(Data excerpt begins)

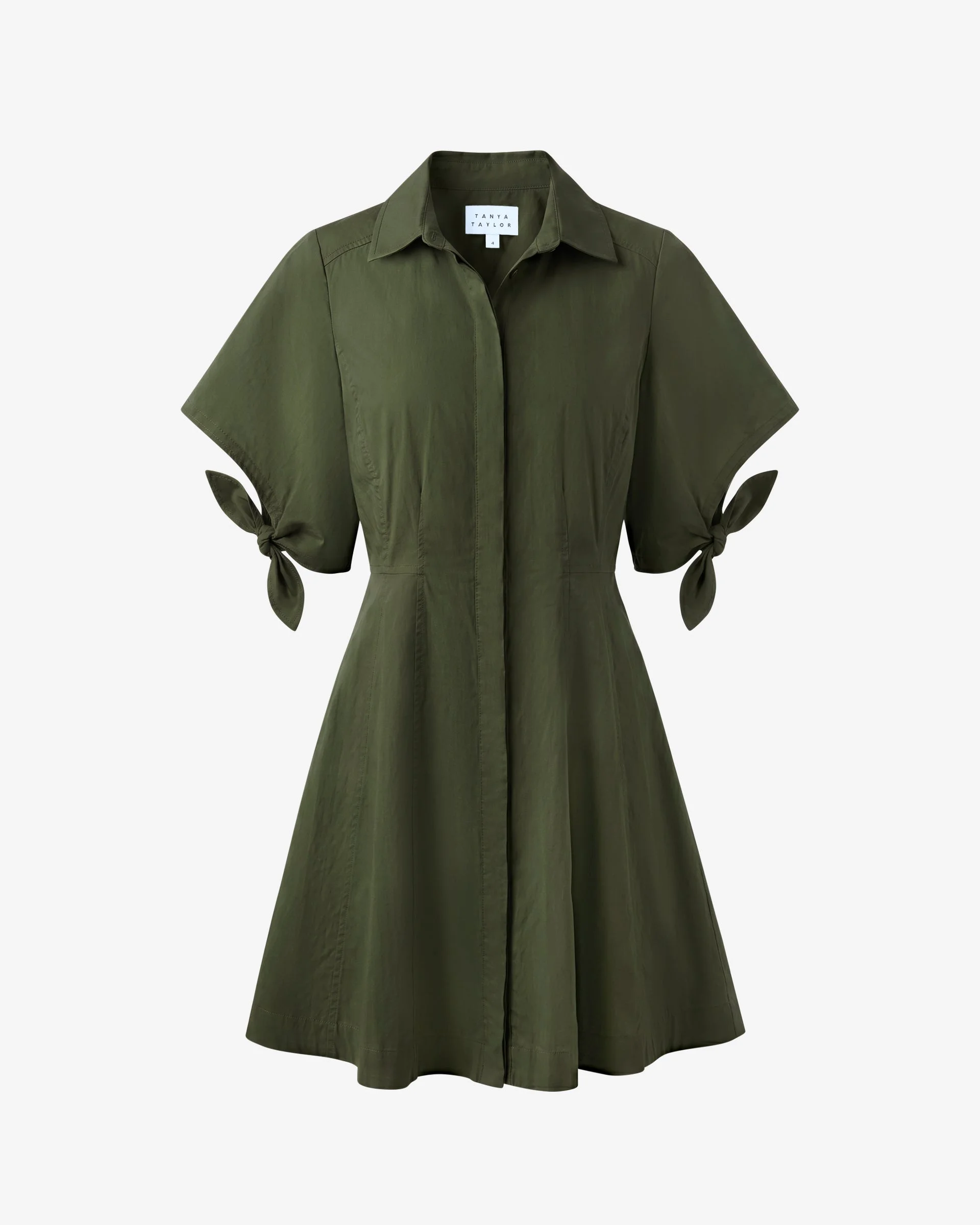 CORINNA DRESS - 1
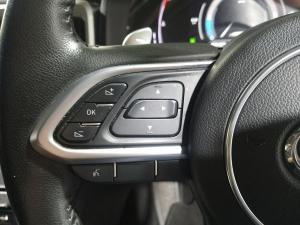 GWM P-Series 2.0TD double cab LT 4x4 - Image 18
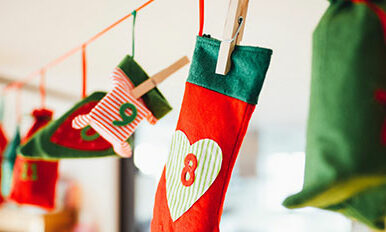 Calendrier de l'Avent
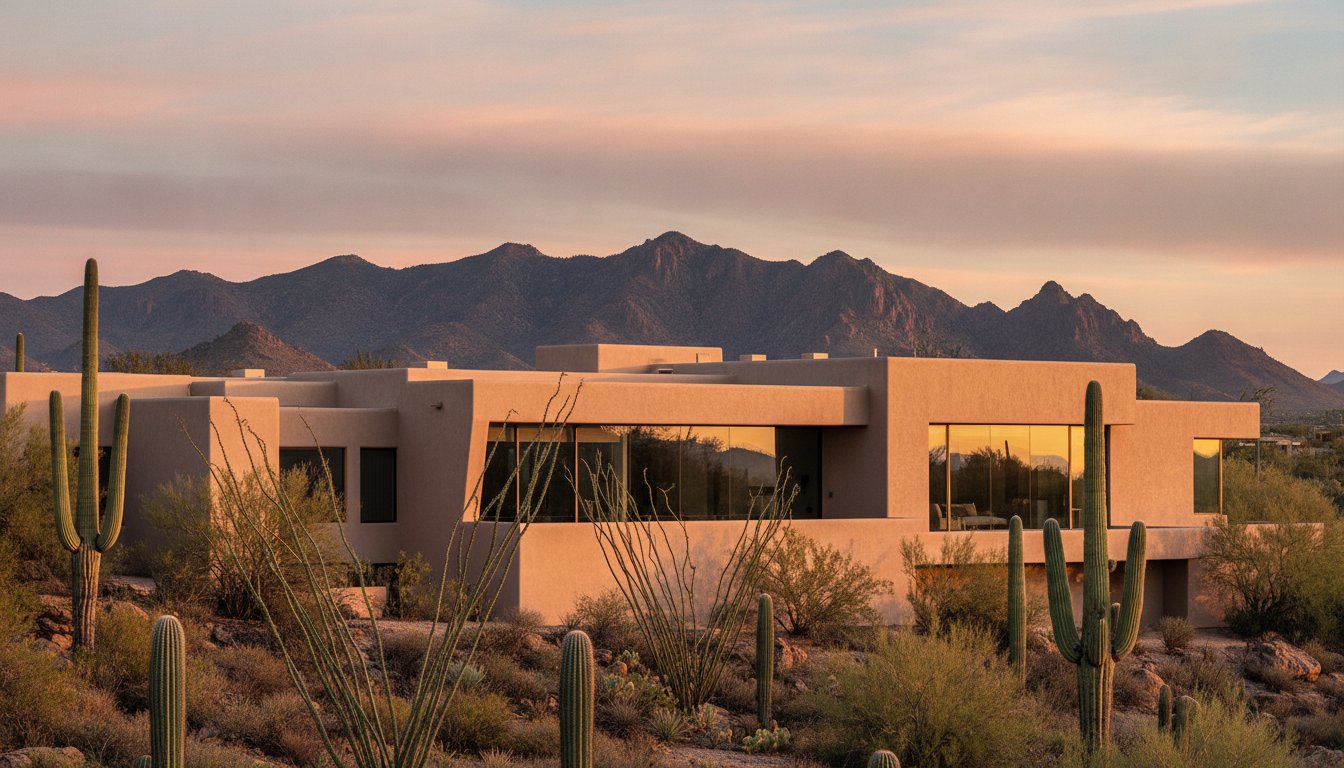 The Real Cost of Stucco Repair in Scottsdale (2026)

(Data excerpt ends)

■ **How to complete this task**
The answer must be the whole listing, word for word, with no pictures in it. Please write it out.

■ **Exercise answer**
 CORINNA DRESS - 1
 GWM P-Series 2.0TD double cab LT 4x4 - Image 18
 Calendrier de l'Avent
 The Real Cost of Stucco Repair in Scottsdale (2026)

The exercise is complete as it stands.